-- Task directions --
In the data below, begin at the line with "9 Cove Court Howell NJ 07731" and stop after the line with "Продам люстры от 1500 и 2000"; output those lines exactly and no pictures.

-------- Material to process

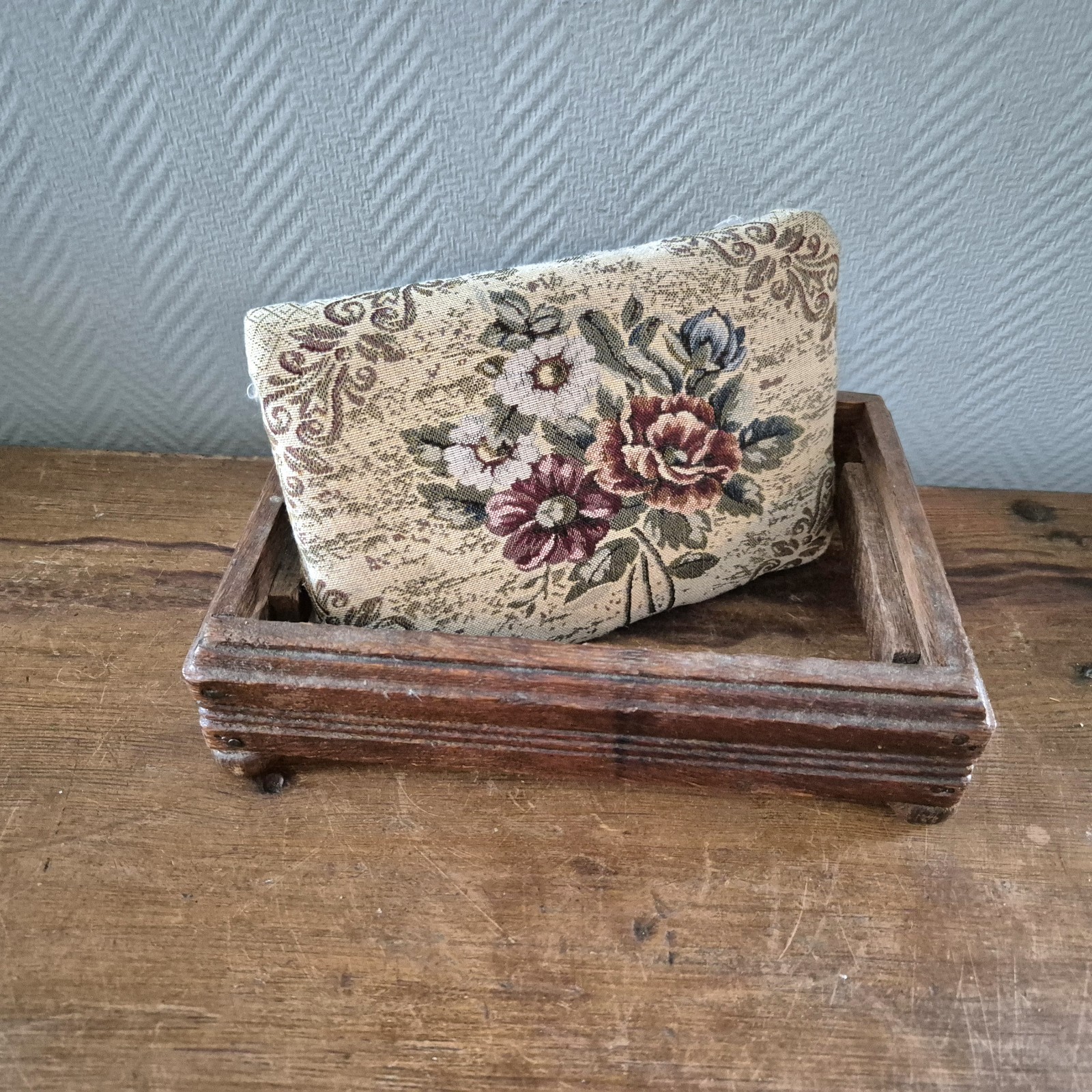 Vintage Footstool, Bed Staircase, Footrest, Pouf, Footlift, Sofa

----------------
-------- Material to process

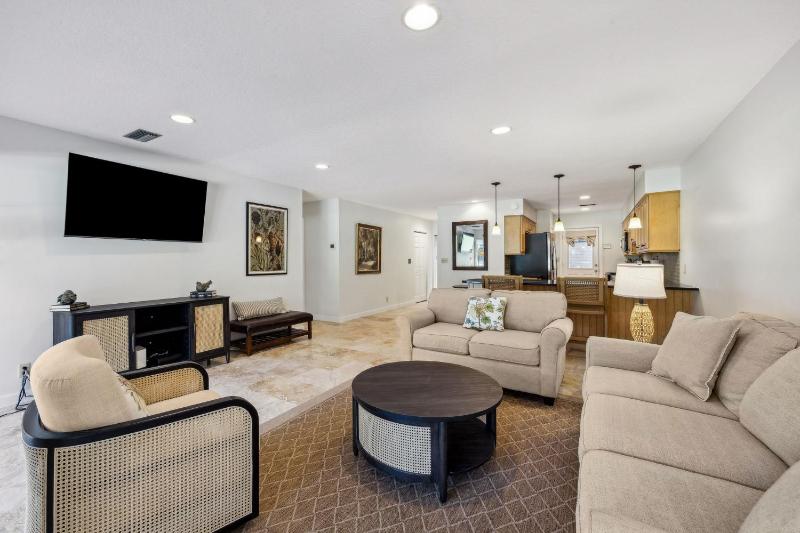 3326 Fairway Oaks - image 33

----------------
-------- Material to process

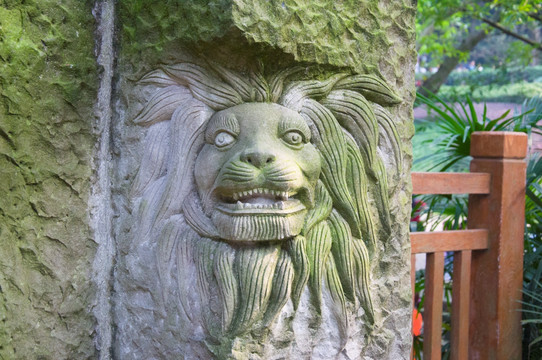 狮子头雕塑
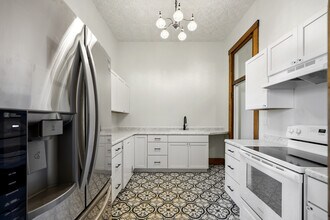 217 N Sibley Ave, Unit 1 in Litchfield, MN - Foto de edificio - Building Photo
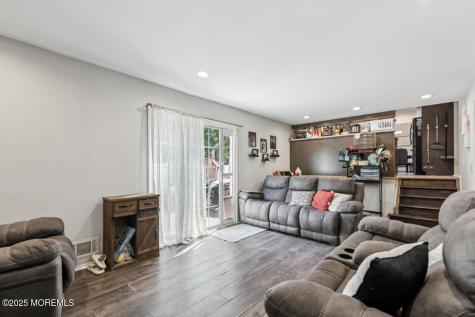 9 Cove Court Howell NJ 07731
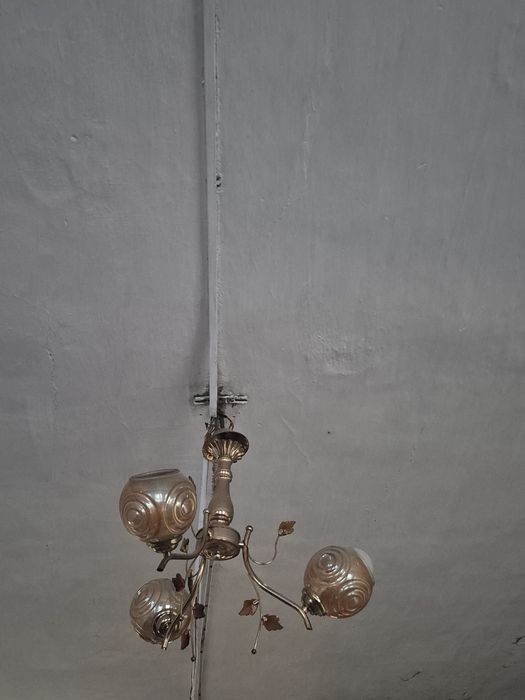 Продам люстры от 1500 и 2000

----------------

-- Exercise solution --
 9 Cove Court Howell NJ 07731
 Продам люстры от 1500 и 2000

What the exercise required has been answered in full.